There are certain moments in history that everyone remembers what it is they were doing when they heard about the event.

For the mathematical community, it was the announcement in 1993 that Andrew Wiles had finally proved Fermat's Last Theorem. I was in the library at the Hebrew University in Jerusalem on my post-doc year trying to crack the problem I was currently obsessed with when a fellow post-doc excitedly whispered the news in my ear. I can still remember the thrill and excitement of realizing that I was alive at the moment when the most iconic in mathematics had been cracked.

For 350 years we'd been trying to prove Fermat right and now finally we knew that those famous equations xn+yn=zn had no whole number solutions if n was bigger than 2. It is important to recognize that knowing this in itself did not change the landscape of mathematics. What was important was the journey that mathematicians had gone on from that moment, which all began with Fermat's marginal comment about having a proof too big for the margin (surely the biggest tease in mathematical history) to the final QED that Wiles had placed at the end of his proof.
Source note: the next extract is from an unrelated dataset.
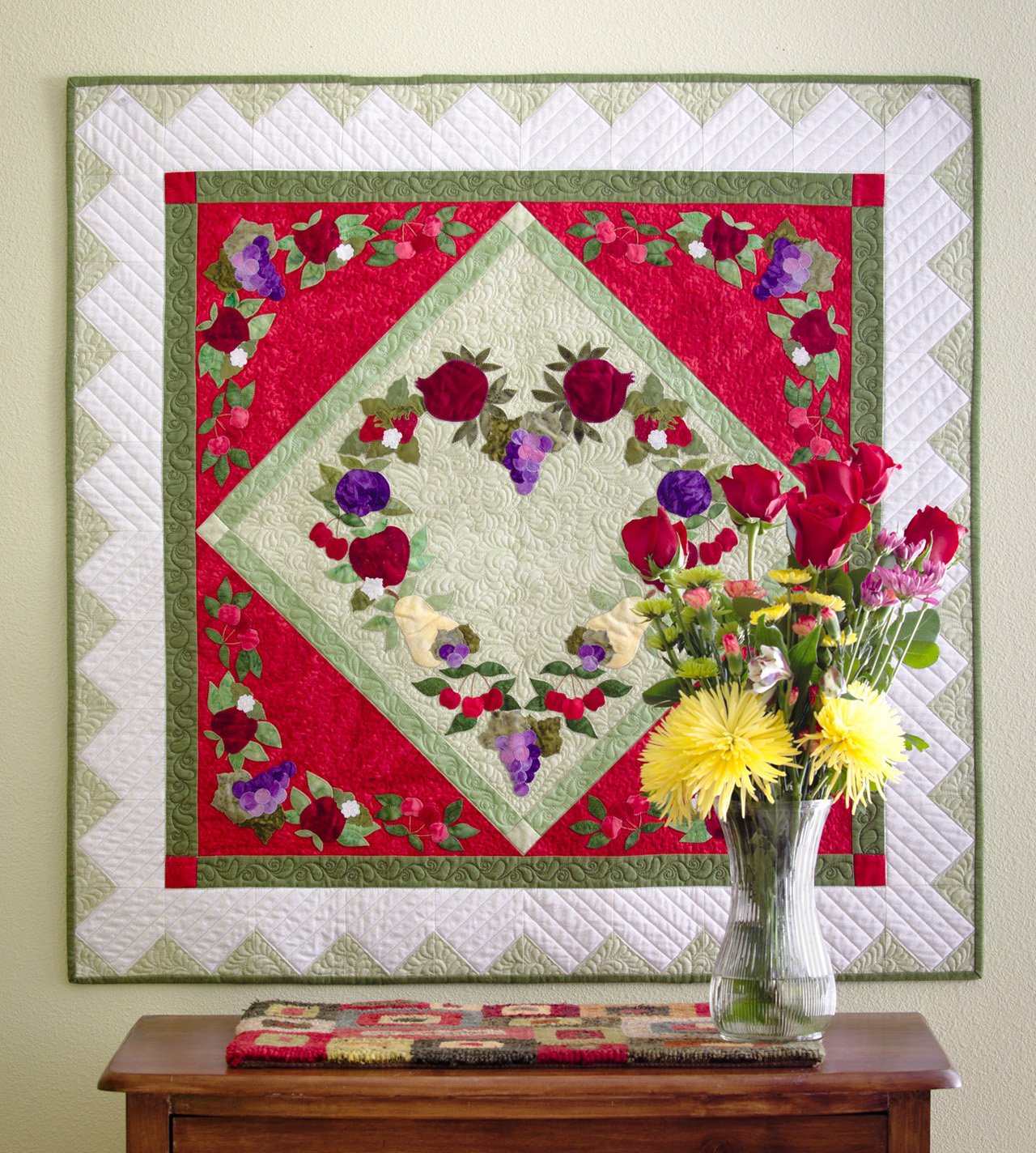Quilt with floral design on a wall above a wooden table with a vase of flowers.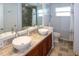 Bathroom with double sinks, a walk-in shower with gray tiling, and a window at 22191 New Rochelle Ave, Port Charlotte, FL 33952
As Wiles always acknowledges, there are many names that carried the baton of the proof from Fermat: Euler, Germain, Legendre, Kummer, Taniyama, Shimura, Weil, Frey, Ribet, Serre and many more. But every mathematician recognized that the seven-year marathon that Wiles ran to complete the proof was an extraordinary feat of mathematics. Before the announcement, no one believed we were anywhere near the finishing line.

But with the sense of excitement though came a slight hint of melancholy. Fermat's Last Theorem had been such a motivating enigma for many of us, there was a sense of sadness that the journey was over, like that moment when you finish a great novel. For the public there was even a belief that Fermat's Last Theorem really was the last , and that we'd 'finished' maths. So it has been important to recognize that although Wiles' work was the completion of one journey, it actually opened up exciting new pathways for new journeys.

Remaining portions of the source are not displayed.